The Connected Yoga Teacher Podcast

 Ep 146: How to Empower Your Yoga Students with Yonnie Fung


As yoga teachers, we want our classrooms to be safe spaces that empower our students and maximise their choice, but this may not always be the case. People may come to our classes wanting us to tell them what to do and trust that it’s our job to know better, and also, some practices in yoga may erode empowerment, take away student agency, and undermine safety.

Yonnie Fung recently wrote an article on this topic, and what it means to teach inclusive, safe and ethical yoga. She is the founder of Yoga with Yonnie, an award winning yoga and movement space in Beijing that focuses on small classes, non-commercialism, integrity and cultivating real human connections. Yonnie values a collaborative learning environment over an authoritative styles, and seeks to help students and clients in discovering what they need to feel well and whole. 

Some common practices in modern yoga fall short of what we want to achieve. Yonnie and Shannon dive into why replicating inherited behaviours and practices from past generations may not necessarily be appropriate, and how yoga teachers can move away from dis-empowering their students.

This episode is in no way about shame and blame. We often look back at the things we could have done differently as newer yoga teachers, and that work is sometimes uncomfortable.

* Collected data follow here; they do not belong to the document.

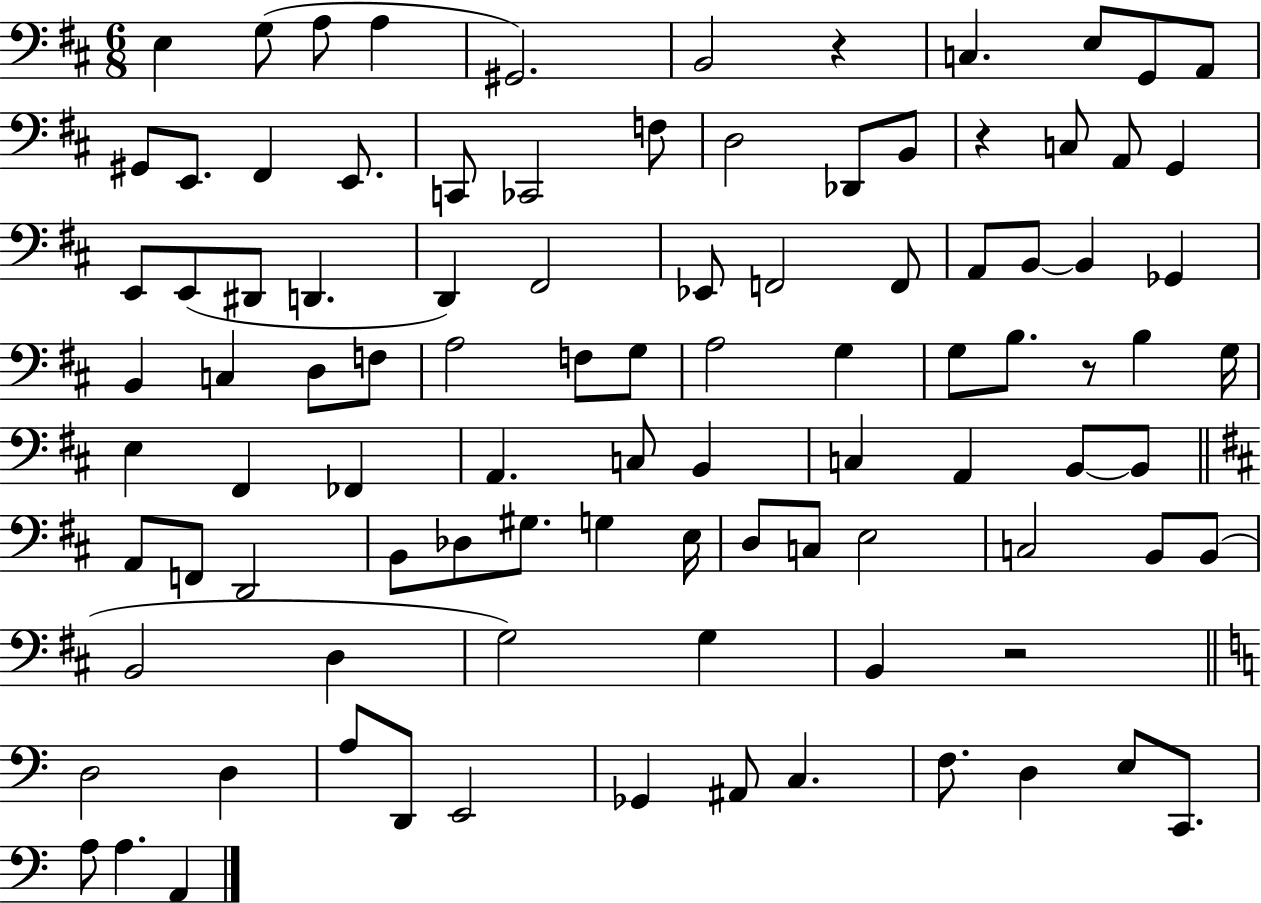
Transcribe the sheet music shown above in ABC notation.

X:1
T:Untitled
M:6/8
L:1/4
K:D
E, G,/2 A,/2 A, ^G,,2 B,,2 z C, E,/2 G,,/2 A,,/2 ^G,,/2 E,,/2 ^F,, E,,/2 C,,/2 _C,,2 F,/2 D,2 _D,,/2 B,,/2 z C,/2 A,,/2 G,, E,,/2 E,,/2 ^D,,/2 D,, D,, ^F,,2 _E,,/2 F,,2 F,,/2 A,,/2 B,,/2 B,, _G,, B,, C, D,/2 F,/2 A,2 F,/2 G,/2 A,2 G, G,/2 B,/2 z/2 B, G,/4 E, ^F,, _F,, A,, C,/2 B,, C, A,, B,,/2 B,,/2 A,,/2 F,,/2 D,,2 B,,/2 _D,/2 ^G,/2 G, E,/4 D,/2 C,/2 E,2 C,2 B,,/2 B,,/2 B,,2 D, G,2 G, B,, z2 D,2 D, A,/2 D,,/2 E,,2 _G,, ^A,,/2 C, F,/2 D, E,/2 C,,/2 A,/2 A, A,,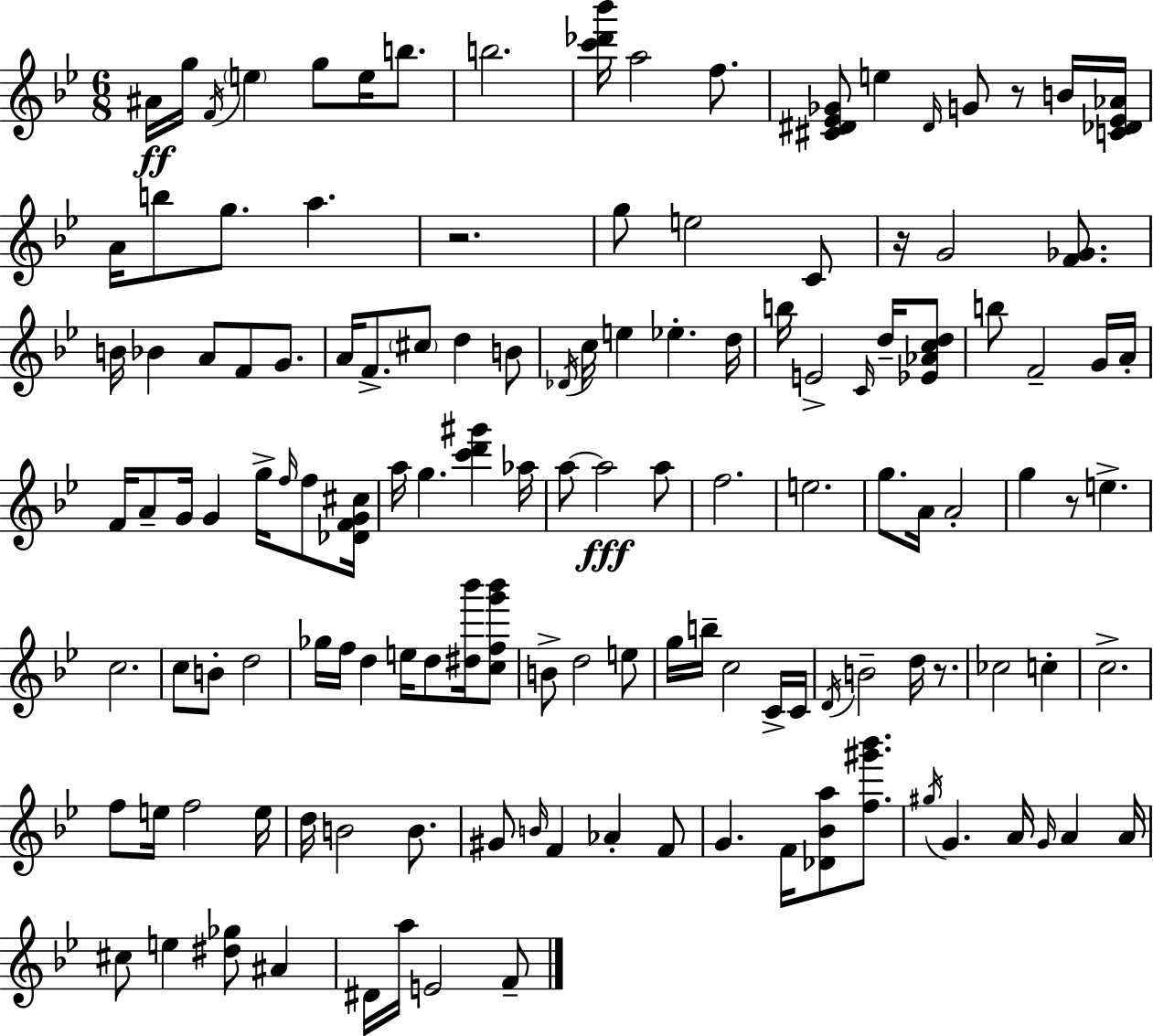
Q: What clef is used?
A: treble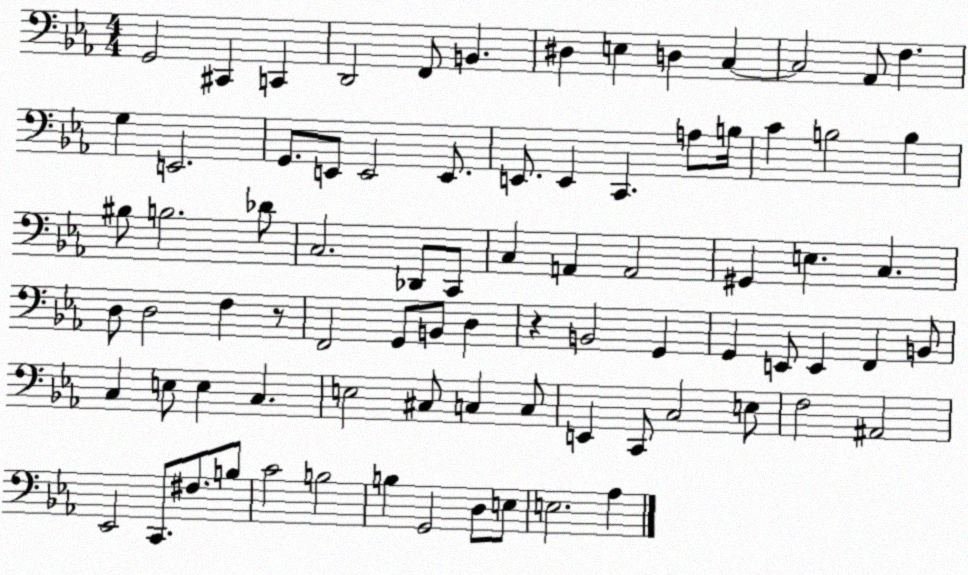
X:1
T:Untitled
M:4/4
L:1/4
K:Eb
G,,2 ^C,, C,, D,,2 F,,/2 B,, ^D, E, D, C, C,2 _A,,/2 F, G, E,,2 G,,/2 E,,/2 E,,2 E,,/2 E,,/2 E,, C,, A,/2 B,/4 C B,2 B, ^B,/2 B,2 _D/2 C,2 _D,,/2 C,,/2 C, A,, A,,2 ^G,, E, C, D,/2 D,2 F, z/2 F,,2 G,,/2 B,,/2 D, z B,,2 G,, G,, E,,/2 E,, F,, B,,/2 C, E,/2 E, C, E,2 ^C,/2 C, C,/2 E,, C,,/2 C,2 E,/2 F,2 ^A,,2 _E,,2 C,,/2 ^F,/2 B,/2 C2 B,2 B, G,,2 D,/2 E,/2 E,2 _A,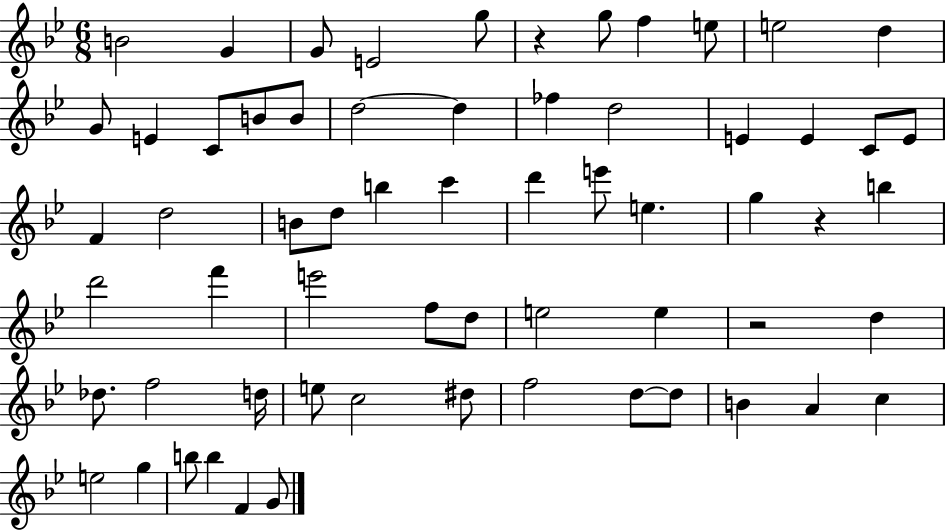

Listen in if you would like to learn more about how we can move forward as yoga teachers to empower our students and increase their agency in our classrooms.

Key Takeaways:

[4:59] Shannon introduces her guest for this episode – Yonnie Fung.

[6:15] Where did Yonnie’s journey with yoga begin?

[9:44] What made Yonnie decide to become a yoga teacher?

[12:05] What is the work that Yonnie does now?

[18:53] What prompted Yonnie to write her list of how we might be unintentionally harming our yoga students?

[23:16] Did Yonnie expect her article to go viral? She shares her experience with publishing her article.

[25:36] How did Yonnie develop her list?

[26:21] Shannon highlights some of the things that stood out to her from Yonnie’s list.

[26:43] One of the items on Yonnie’s list is participating in power structures. Shannon and Yonnie discuss the power dynamic that exists in a yoga class.

[34:06] Yonnie shares a powerful experience she had during her yoga teacher training that has influenced her way of teaching yoga.

[37:37] It is a common thread in many settings where the teacher is expected to know the student better than the student knows themselves!

[38:26] This week’s hot top from Schedulicity!

[39:15] Yonnie highlights how teachers making adjustments to students’ postures is not empowering.

[41:28] What are some of the ways that yoga teachers can move away from dis-empowering their students? Yonnie highlights how the language that we use can be the simplest place to start changing.

[48:37] What is Yonnie’s response to yoga teachers who want to say as few words as possible in their classes?

[50:10] It can be challenging for students to learn how to listen to their body. Yonnie explains more about interoception and how this ties in with trauma and yoga.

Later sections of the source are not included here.